**Exercise materials:**
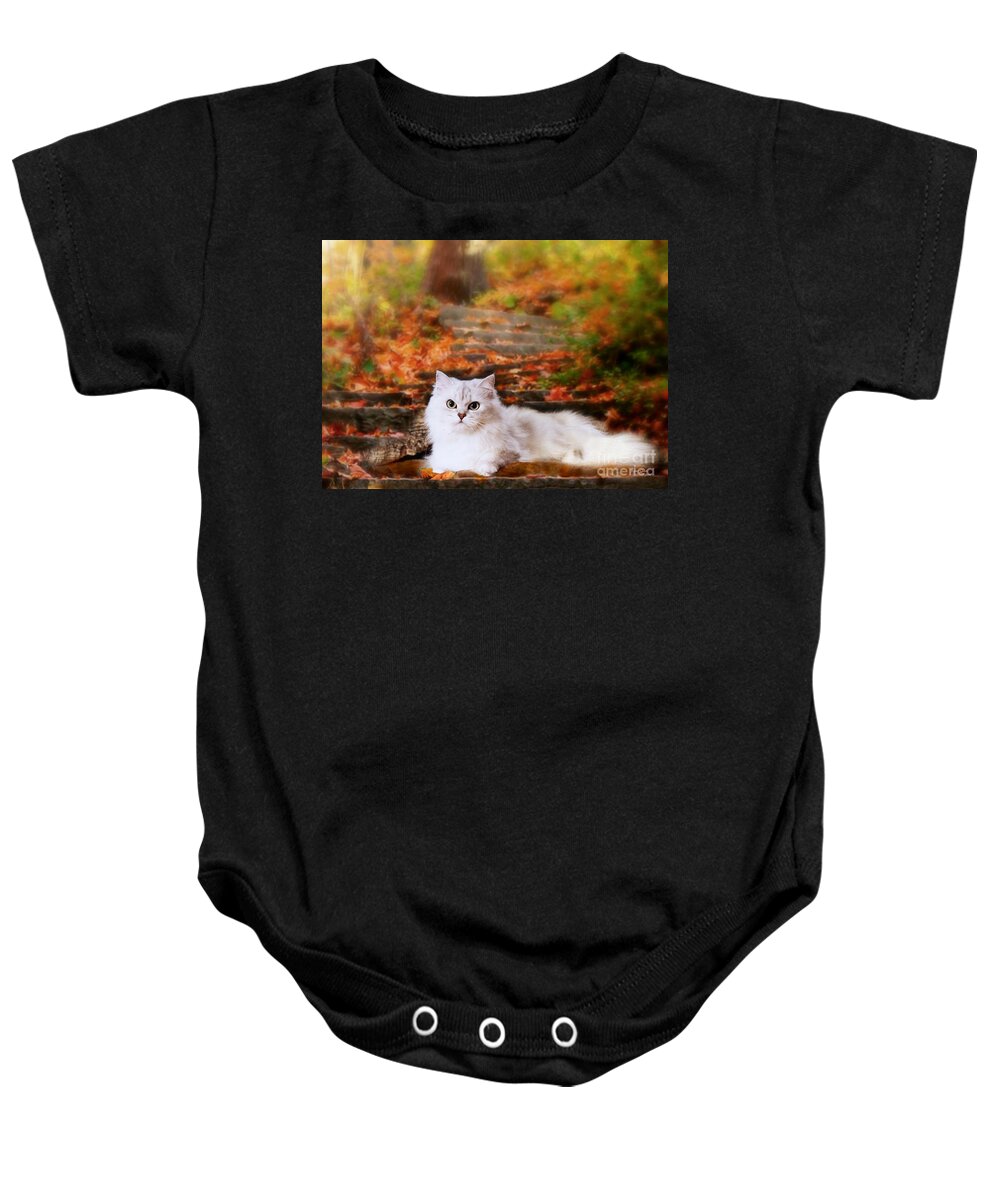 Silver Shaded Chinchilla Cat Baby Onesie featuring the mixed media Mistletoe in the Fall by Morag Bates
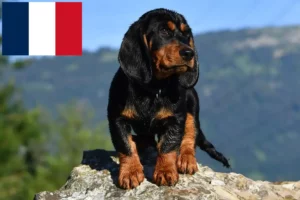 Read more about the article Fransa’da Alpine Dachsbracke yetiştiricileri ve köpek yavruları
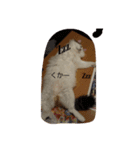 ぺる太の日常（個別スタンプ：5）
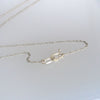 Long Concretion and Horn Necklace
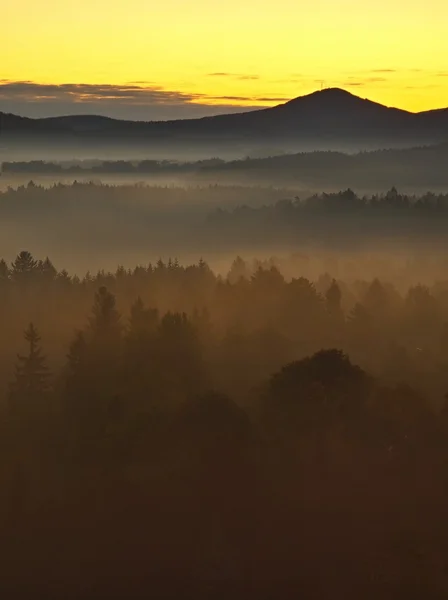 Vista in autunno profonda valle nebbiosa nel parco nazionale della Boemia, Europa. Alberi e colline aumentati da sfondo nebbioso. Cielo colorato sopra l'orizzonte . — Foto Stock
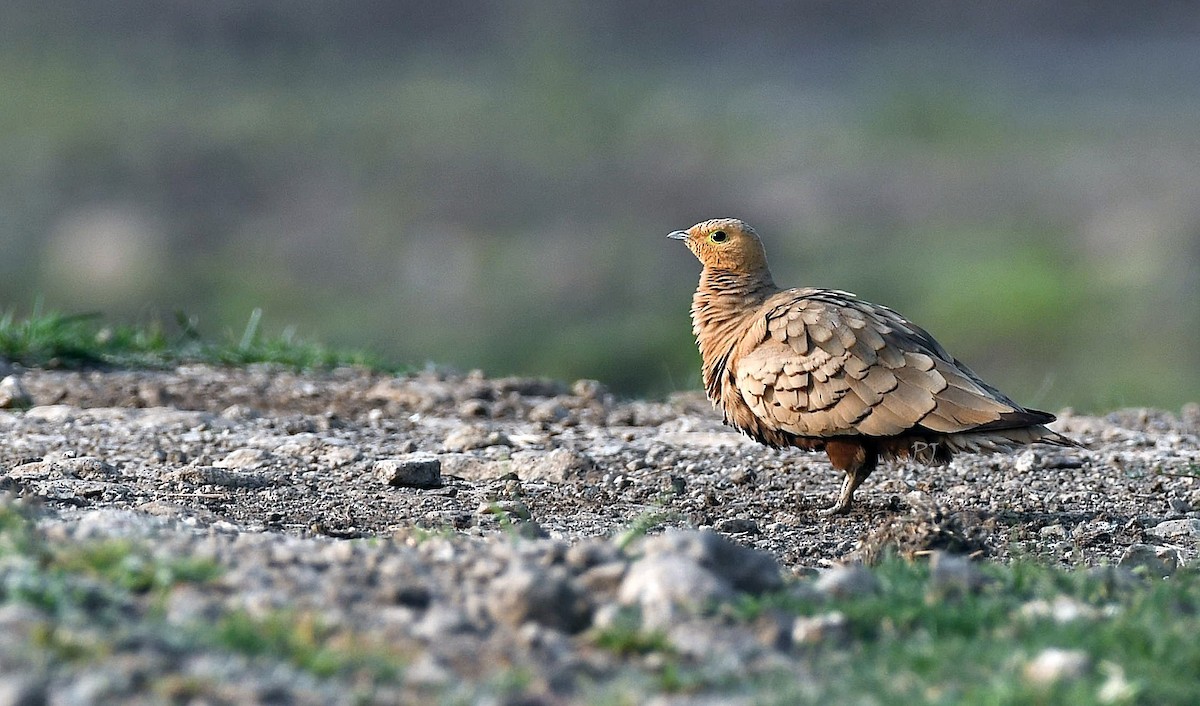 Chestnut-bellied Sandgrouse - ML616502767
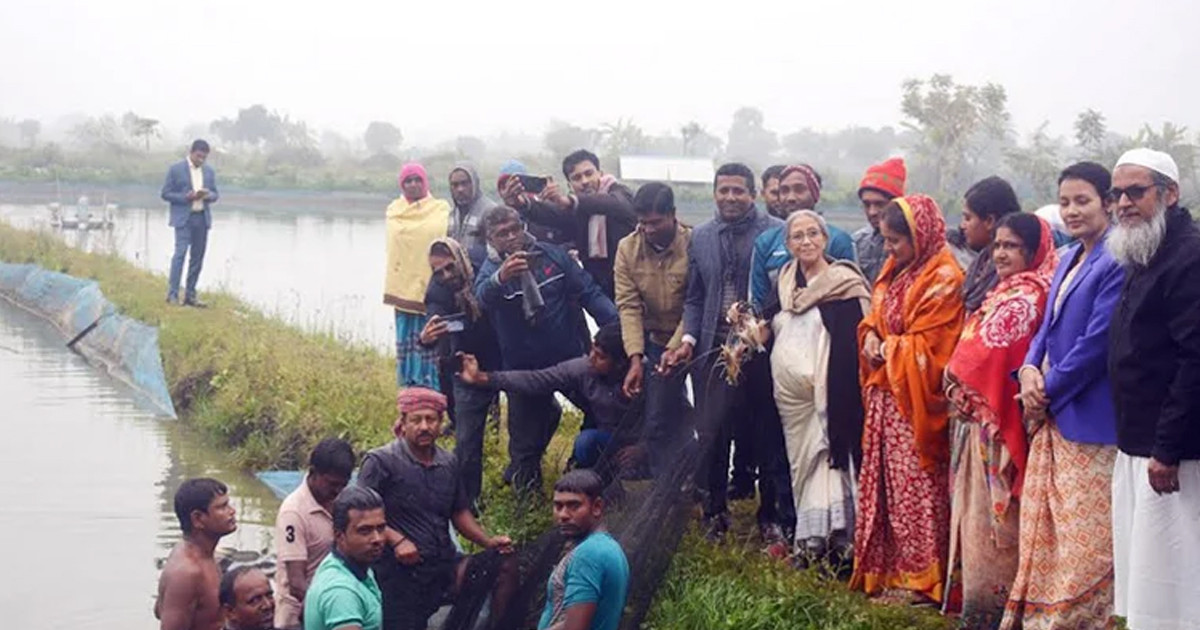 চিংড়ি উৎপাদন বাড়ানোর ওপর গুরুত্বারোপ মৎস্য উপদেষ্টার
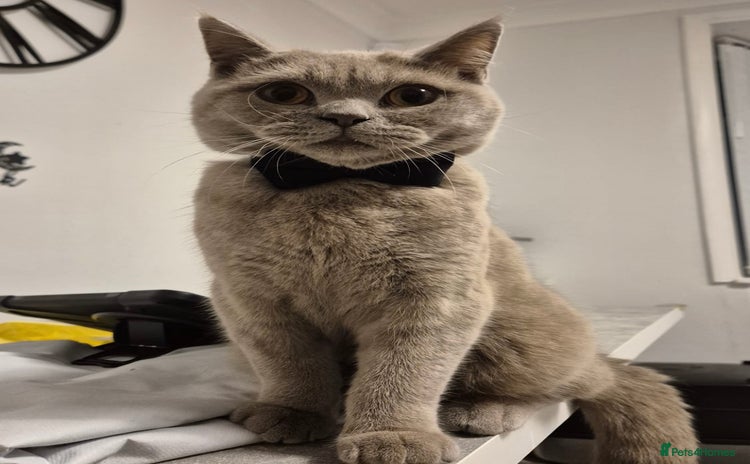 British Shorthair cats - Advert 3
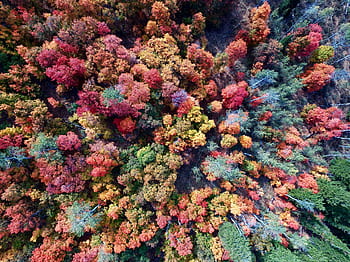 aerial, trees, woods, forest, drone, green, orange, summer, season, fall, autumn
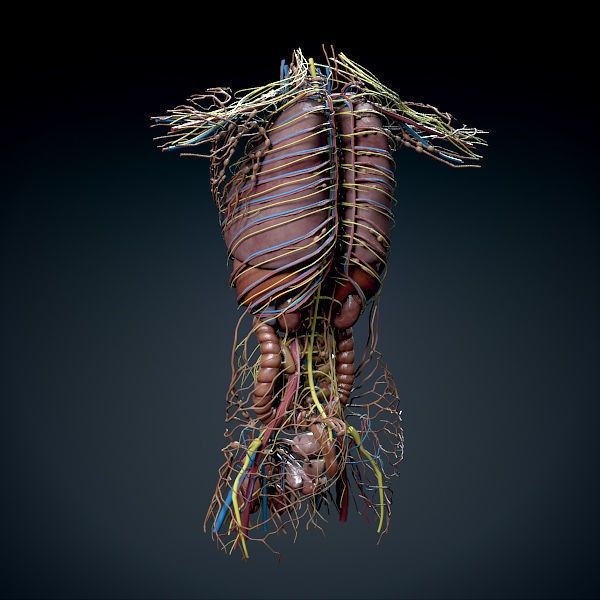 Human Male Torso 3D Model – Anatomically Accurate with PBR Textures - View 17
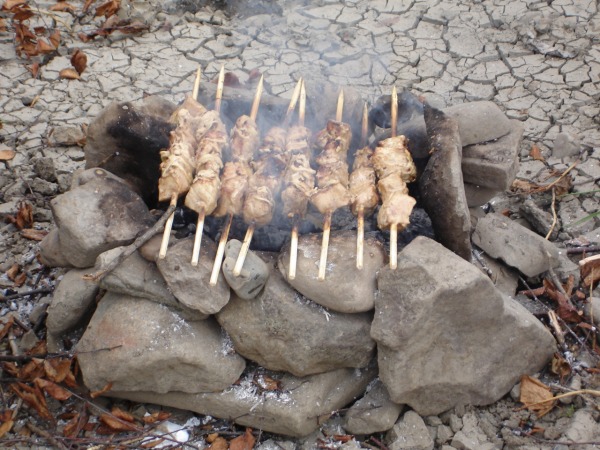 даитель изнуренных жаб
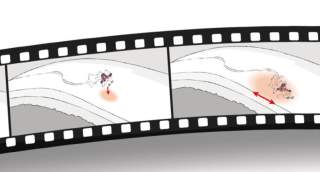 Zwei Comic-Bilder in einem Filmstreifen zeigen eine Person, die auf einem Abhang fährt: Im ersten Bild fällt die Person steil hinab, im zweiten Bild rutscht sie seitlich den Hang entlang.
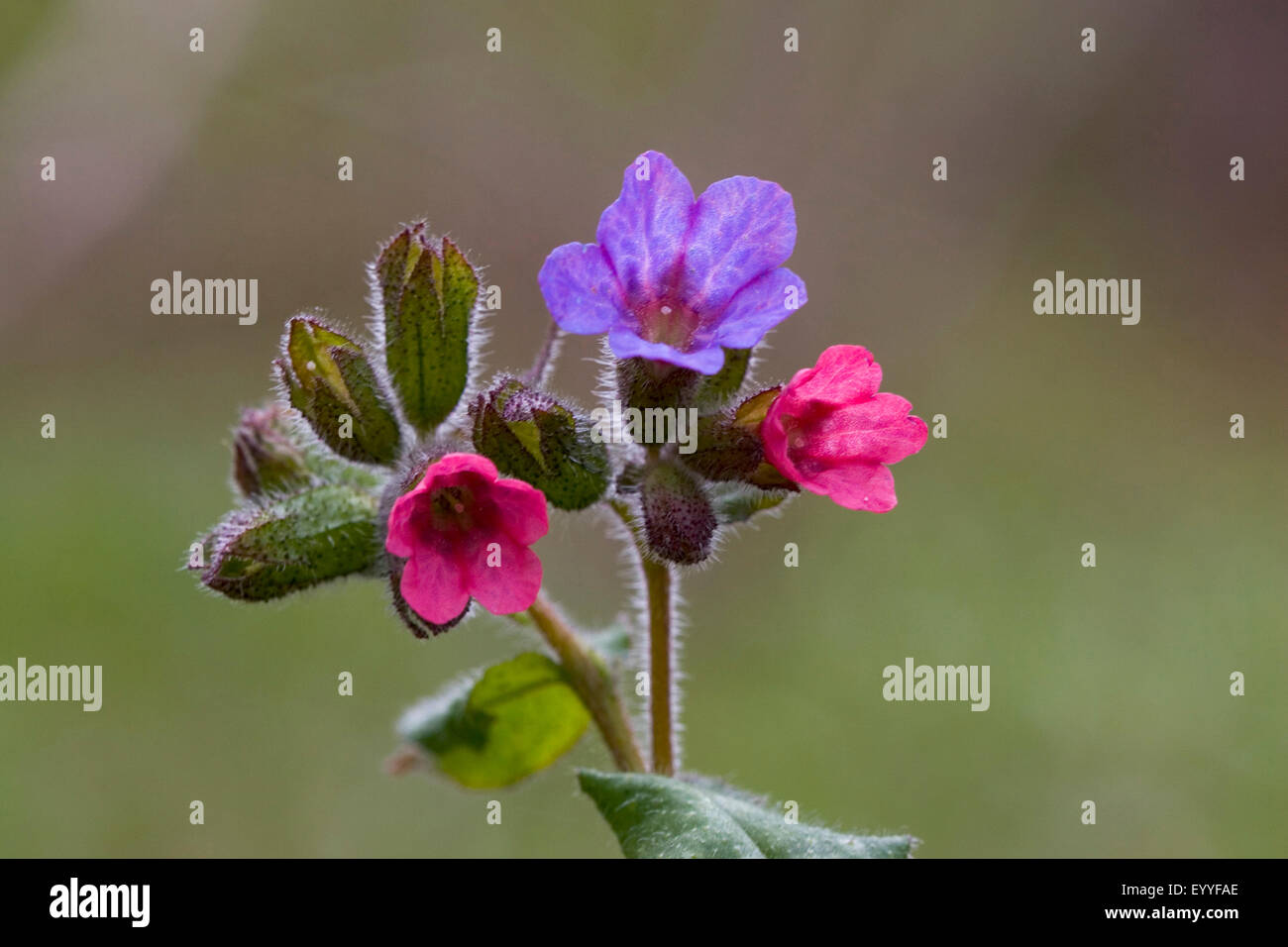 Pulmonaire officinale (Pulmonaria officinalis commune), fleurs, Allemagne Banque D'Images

**Work task:** Every line from the one that contains "season, fall, autumn" through the end of the records above is to be reproduced exactly; no picture goes in the copy.

**Your solution:**
 aerial, trees, woods, forest, drone, green, orange, summer, season, fall, autumn
 Human Male Torso 3D Model – Anatomically Accurate with PBR Textures - View 17
 даитель изнуренных жаб
 Zwei Comic-Bilder in einem Filmstreifen zeigen eine Person, die auf einem Abhang fährt: Im ersten Bild fällt die Person steil hinab, im zweiten Bild rutscht sie seitlich den Hang entlang.
 Pulmonaire officinale (Pulmonaria officinalis commune), fleurs, Allemagne Banque D'Images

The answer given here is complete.